| ABOUT THIS TASK |
The reply should hold only the lines from the one with "Ral 340 70 10" to the one with "53-foot High Cube", both ends kept, exactly as they appear below, without any pictures.

| DATA SECTION |
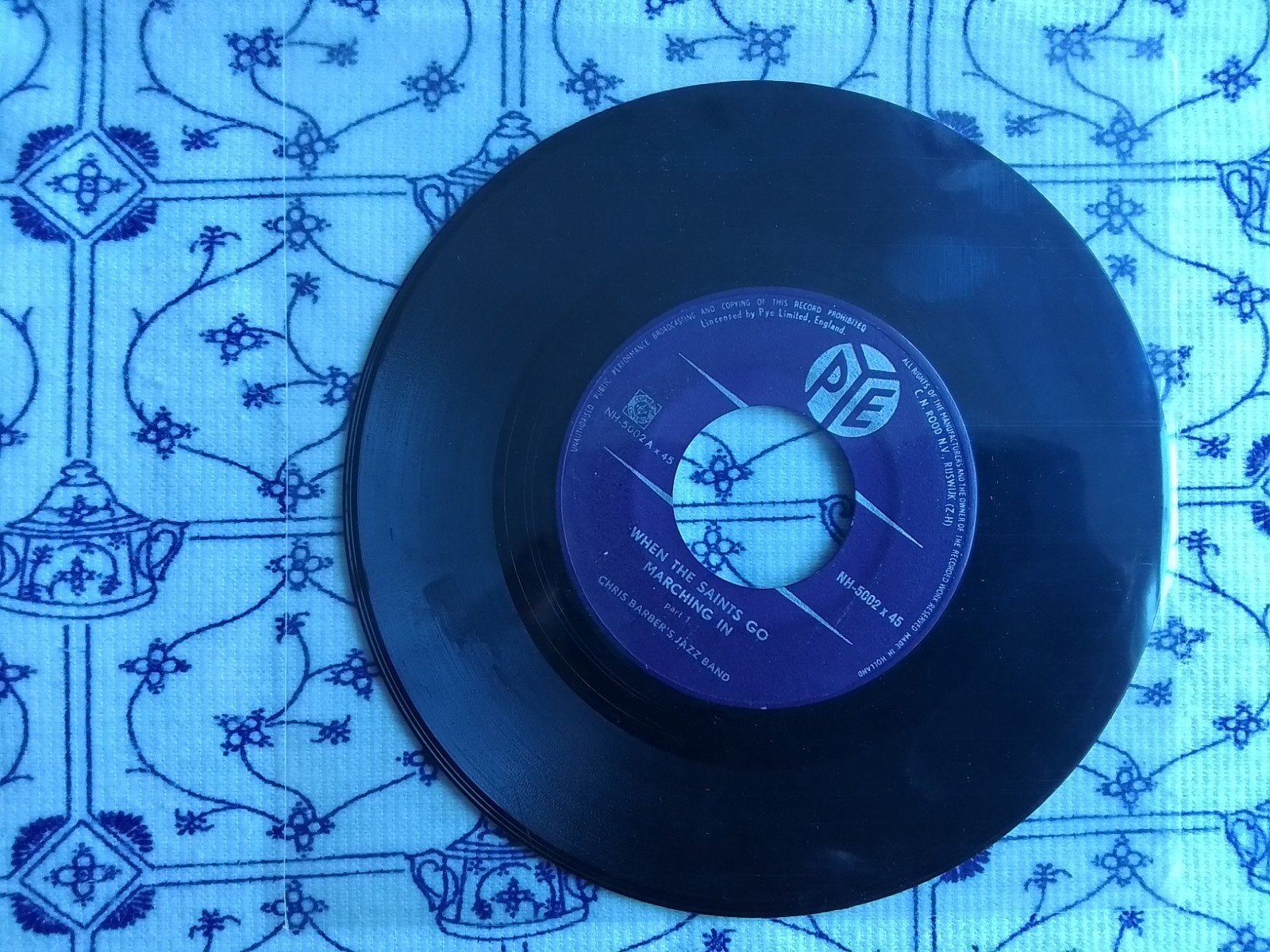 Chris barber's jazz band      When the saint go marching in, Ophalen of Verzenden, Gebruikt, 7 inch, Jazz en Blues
...
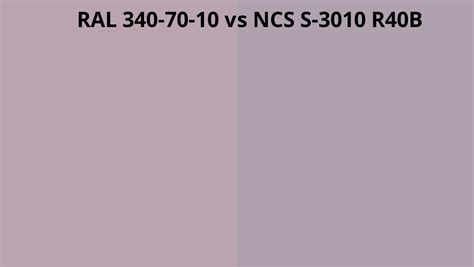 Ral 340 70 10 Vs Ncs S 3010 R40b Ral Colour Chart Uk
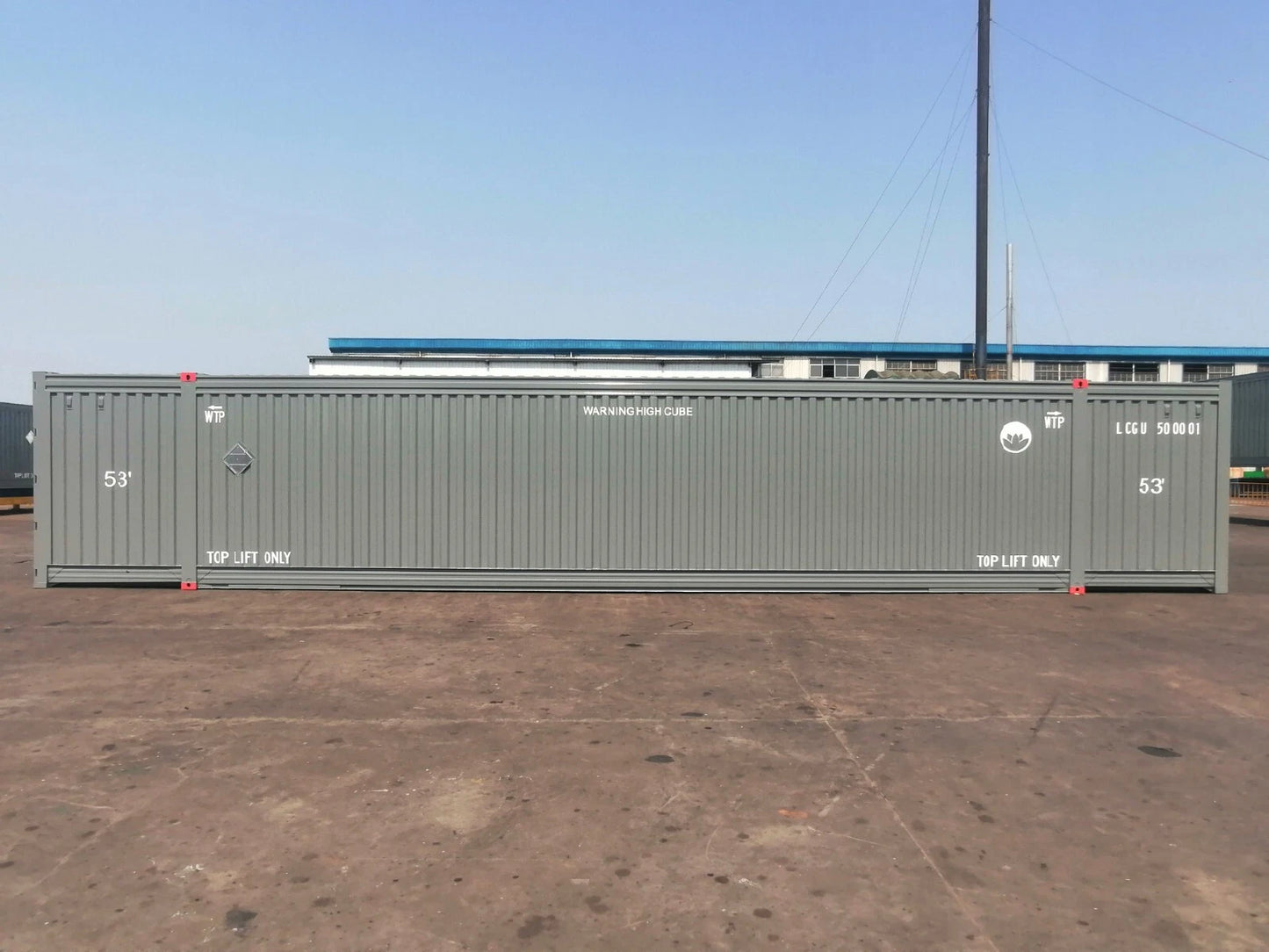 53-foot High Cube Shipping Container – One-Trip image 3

| TASK ANSWER |
 Ral 340 70 10 Vs Ncs S 3010 R40b Ral Colour Chart Uk
 53-foot High Cube Shipping Container – One-Trip image 3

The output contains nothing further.